DFW Music News

The QAnon Situation at Dealey Plaza Gets Worse: They're Singing

The QAnoners who are still hanging out at Dealey Plaza try to entice John F. Kennedy Jr. out from his hidey hole by singing (shiver) "We Are the World."
screenshot from Instagram
The QAnoners who are still hanging out at Dealey Plaza try to entice John F. Kennedy Jr. out from his hidey hole by singing (shiver) "We Are the World."
QAnoners are still gathering at Dallas' Dealey Plaza, hanging on to their last strand of hope and trying to move hearts and minds through song. The only thing they've been able to mine so far is laughs.

Let us backtrack first, in case you missed it: A crowd of conspiracy lovers gathered at the AT&T Discovery Plaza in early November and eventually made their way downtown to Dealey Plaza. The group had gathered because of a rumor that John F. Kennedy Jr., the son of JFK who died in 1999 in a plane crash, would make an appearance at the site.

Apparently, this cameo would accomplish two things: It would prove all those paranoiacs were right all along about JFK Jr.'s death being faked and, most important, he would be making the announcement that former President Donald Trump had actually won the election.

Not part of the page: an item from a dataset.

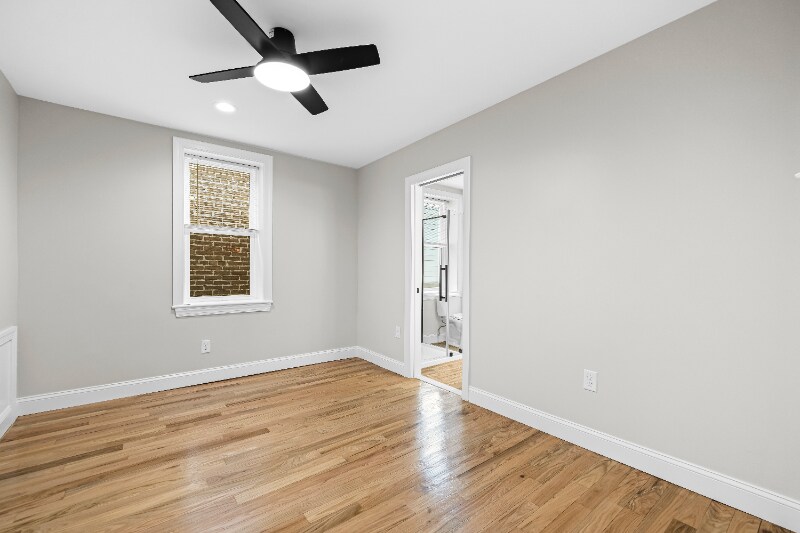 Building Photo - 1439 Haubert St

It's been almost 30 days, and some QAnoners are still there convinced that the truth will come out and all those disappointed friends and family will come back into their lives. And in case even part of you is wondering, no, JFK Jr. has not risen from his grave or appeared at the gathering.

If this were any other group, they'd pack up their lawn furniture, take off their funny patriotic hats and go home. That doesn't happen when you're supporting QAnon, though. You're either in all the way or you're one of "them." You roll up a sleeve, cinch a belt over your bicep and stick the needle from a Kool-Aid drip bag into the first bulging vein you see.

Still not convinced? There's a video that should do the job.

When you hear a group singing the '80s peace anthem "We Are the World," you know that desperation is hanging in the air. The situation is even more dire if they are holding candles while they sing it. It's pop culture Morse code for "SOS."
It's easy to make fun of this group and their strange certainties about how the world really works. This moment isn't any different, but there's a twinge of sadness that hangs over as they cement their heels into an obvious hoax just because people are telling them that it's a hoax.

Also, the pitchiness.

If there's one thing we can take away from this cringe moment is that it makes us miss the days of Gal Gadot and her rich friends singing "Imagine."